I switched my display to show battery SOC rather than Miles and my stress level has dropped significantly :wink:

Well, of course all that means is that your pack is likely balanced just fine. In your case, especially since I believe you were charging to something like 70% or 80% for quite awhile, your numbers are likely off just due to algorithm issues.
 
Could be, but I even tried the "near zero to 100% a few times" trick also to no avail.
I wonder if these cases require going sub-zero to really correct the algorithm. Personally, as I also regularly charge to nothing higher than 80, I'm in the same boat. I'm not about to test it (I don't want to be stranded and there's no reason to artificially stress the pack just to recalibrate the "centering" of the SOC algo) but I believe that vehicles that regularly stay in the center (linear) portion of SOC are the ones that build up a substantial sub-zero mile capacity. Hopefully Tesla will eventually come through with their improved calculations, to correct this.
 
Could be, but I even tried the "near zero to 100% a few times" trick also to no avail.

@mknox - IIRC, you lost the majority of those miles following a warm summer where you'd regularly charged to 70% or somesuch. I did the same thing last summer, "lost" quite a few miles as expected, and I have yet to see those miles return. I've done several range charges and deep cycling, etc. There must be some very stubborn hysteresis in the range algo as I'm hard pressed to believe that all those miles could've been lost after one summer.

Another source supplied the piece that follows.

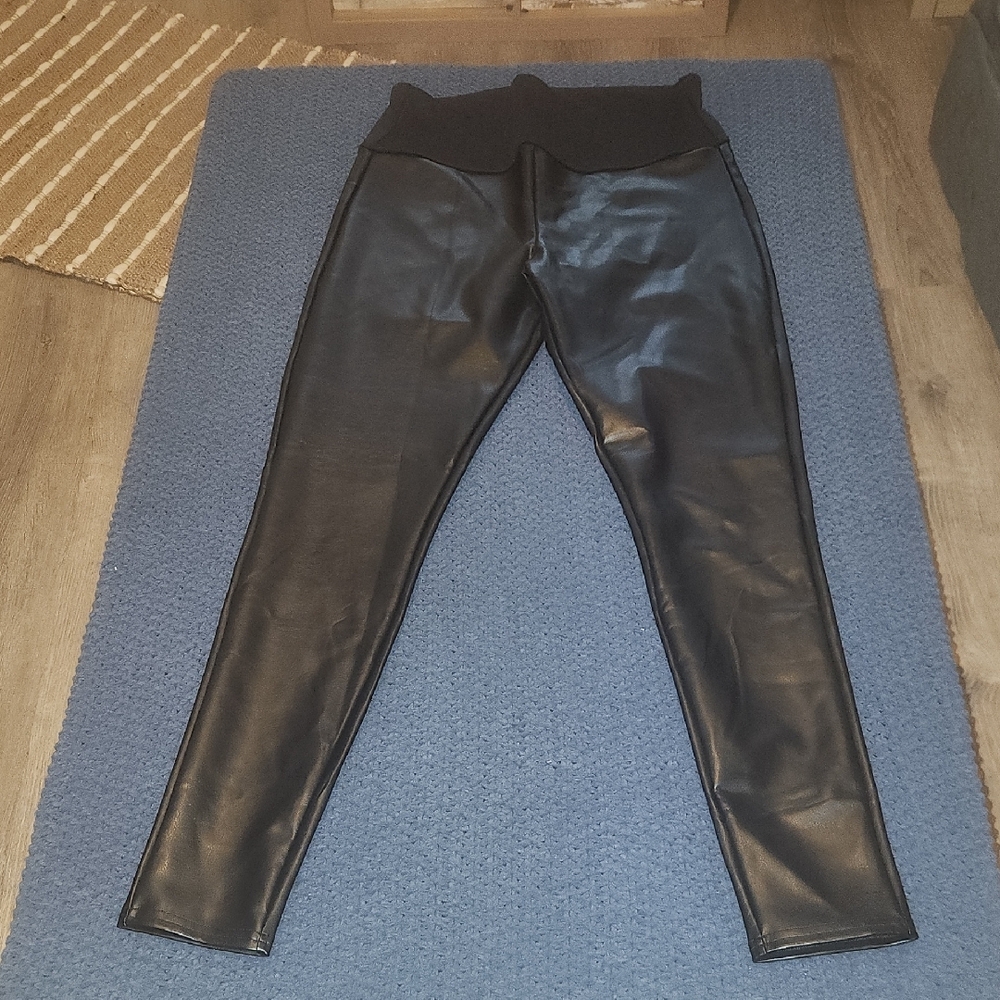 Assets by Spanx Classic Black Leggings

I wonder if these cases require going sub-zero to really correct the algorithm. Personally, as I also regularly charge to nothing higher than 80, I'm in the same boat. I'm not about to test it (I don't want to be stranded and there's no reason to artificially stress the pack just to recalibrate the "centering" of the SOC algo) but I believe that vehicles that regularly stay in the center (linear) portion of SOC are the ones that build up a substantial sub-zero mile capacity. Hopefully Tesla will eventually come through with their improved calculations, to correct this.

I can believe this. I've never taken mine below ~3% and recently I certainly haven't gone below 5%. Having said that, there are several folks who regularly charge to 90% with shallow cycles and they don't seem to lose rated range. I'll be interested to read what the BMS estimates as my full pack capacity once I get my CAN logger setup.
 
@mknox - IIRC, you lost the majority of those miles following a warm summer where you'd regularly charged to 70% or somesuch. I did the same thing last summer, "lost" quite a few miles as expected, and I have yet to see those miles return. I've done several range charges and deep cycling, etc. There must be some very stubborn hysteresis in the range algo as I'm hard pressed to believe that all those miles could've been lost after one summer.

Yes, that was me. Two summers ago I charged to 70% overnight and returned from my rather long commute at the end of the day with around 30 - 40%. I did this because I'd read that the batteries liked it best when you played in the center of their range. It was later when I needed a 90 or 100% charge that I noticed it had dropped. I tried all the "tricks" to recover it and was never able to. I'm not sure if it was a summer of 70 to 30% charging that did it or whether it was just the natural early degradation drop that I have also read is to be expected.